»»

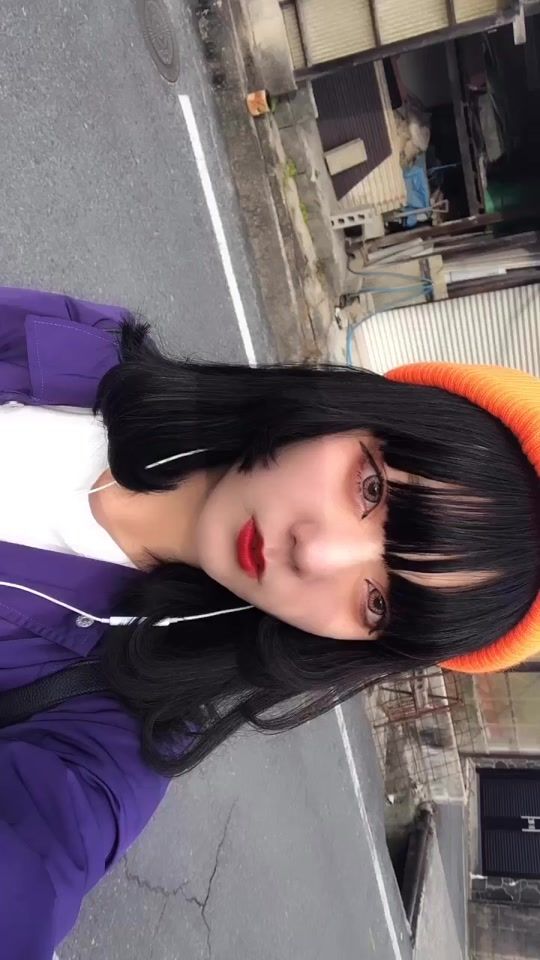 TikTok video thumbnail by airchan71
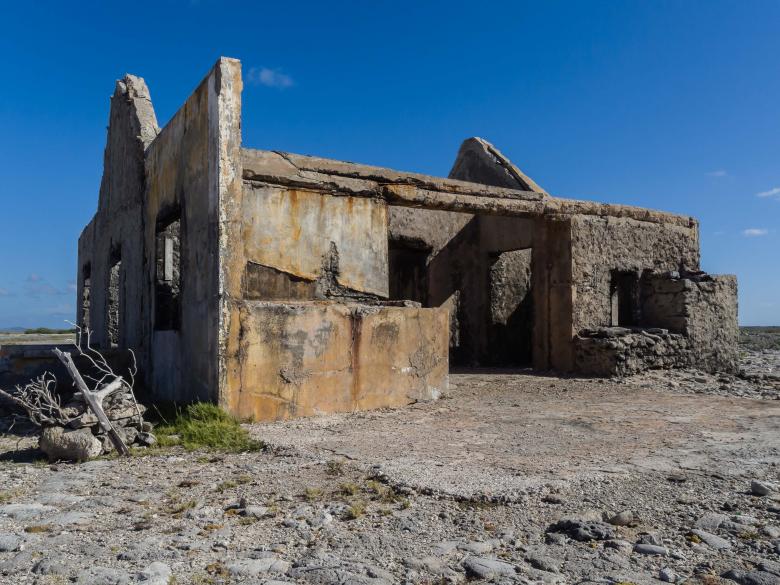 Free stock image of Ruins created by Joey Juffermans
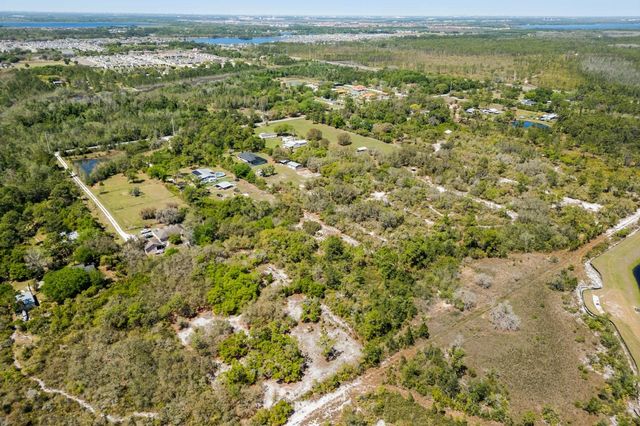 2727 ABSHER ROAD, St Cloud, FL 34771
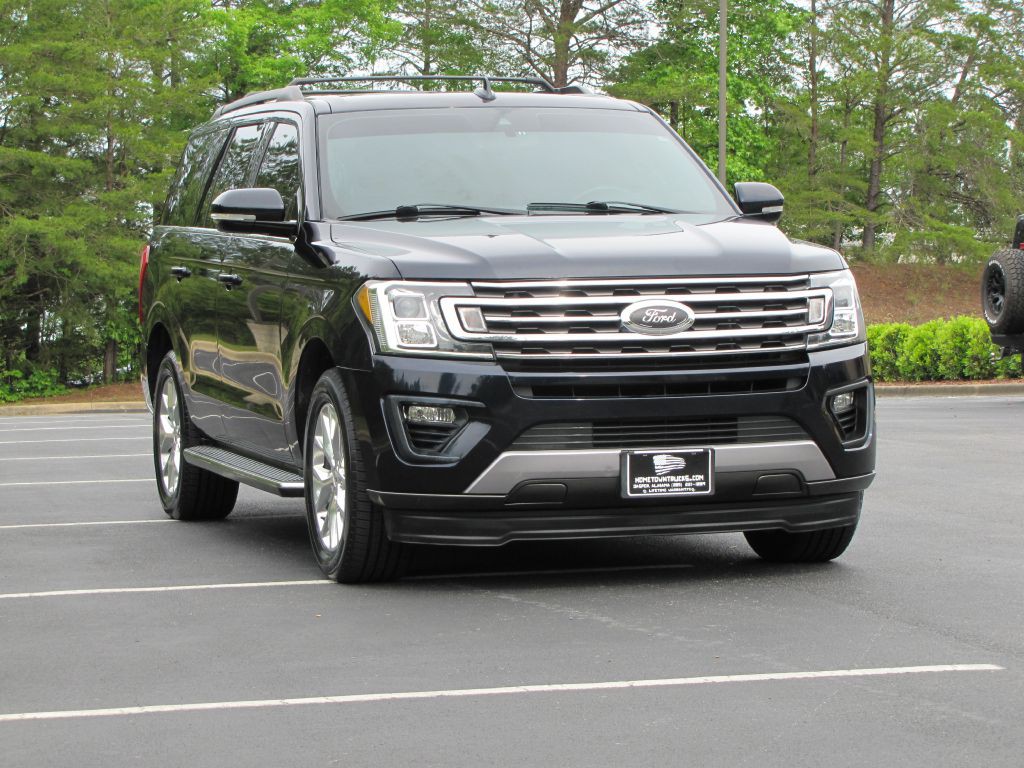 2021 Ford Expedition Image 9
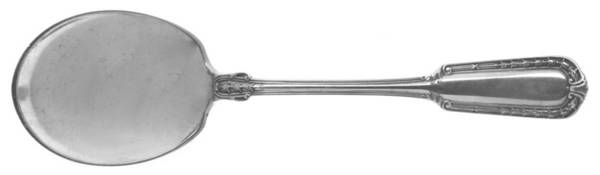 Chesterfield (Sterling, 1908) Sugar Spoon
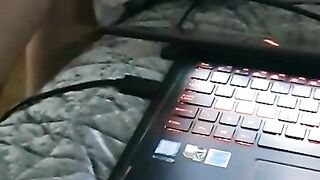 Step Sister ULTIMATE Lesbian Fuck with Step Brother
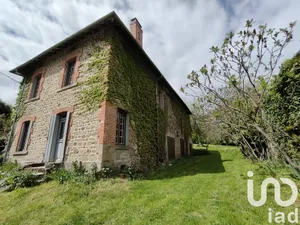 Farm at Le Donzeil (23480)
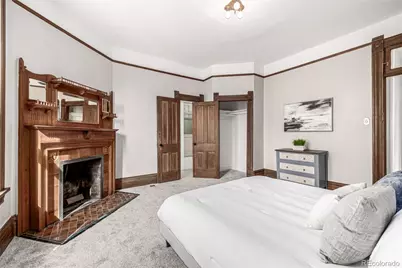 107 N Pearl Street #B, Denver, CO 80203 - Photo 21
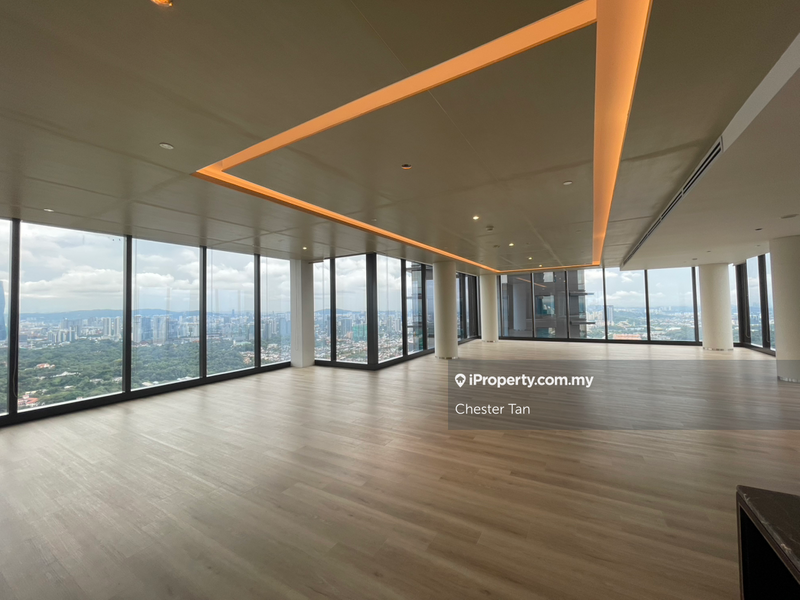 For Sale - Pavilion Damansara Heights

««

● Exercise objective:
Your copy should hold exactly the lines from the one with "2727 ABSHER ROAD, St Cloud, FL 34771" through the end of the records, both included, and no pictures.

● Finished exercise:
 2727 ABSHER ROAD, St Cloud, FL 34771
 2021 Ford Expedition Image 9
 Chesterfield (Sterling, 1908) Sugar Spoon
 Step Sister ULTIMATE Lesbian Fuck with Step Brother
 Farm at Le Donzeil (23480)
 107 N Pearl Street #B, Denver, CO 80203 - Photo 21
 For Sale - Pavilion Damansara Heights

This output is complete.